While I love that people trust my opinion and want my advice, most of the time there is a lot more to answering those questions than just a simple recommendation. Often times, my answer begins with, “Well it depends…” and after a few follow up questions the person who wanted a simple answer is no longer that interested because I have made the situation more complex. But here’s the thing, it should be complex and also comprehensive. 

There’s a reason that becoming a PT requires 4 years of undergraduate education, 3 years of a clinical doctorate, and in the case of Austin Manual Therapy Associates, 3 years of advanced training in manual therapy to become a credentialed Fellow of Orthopedic Manual Physical Therapy.
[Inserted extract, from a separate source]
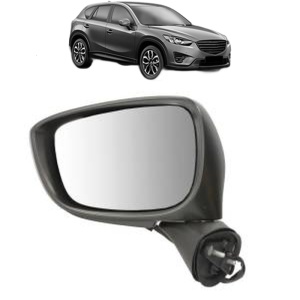 Oglinda Stanga MAZDA CX-5 Van (KE_) din 2015 - 2017, Auto, Reglaj electric, Completa - Img 2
Bodies are extremely complicated; it takes a lot of knowledge, experience, and training to properly evaluate, diagnose, and treat the complexities of the musculoskeletal and nervous systems. I’d be doing someone a disservice if I answered their questions with a simple response without taking the time to ask specific questions and gather more information. That’s also why I advise people not to rely on google, instagram, facebook, and other social media for self-treatment approaches; a one-size fits all approach to treating injury and pain is not always the best option. 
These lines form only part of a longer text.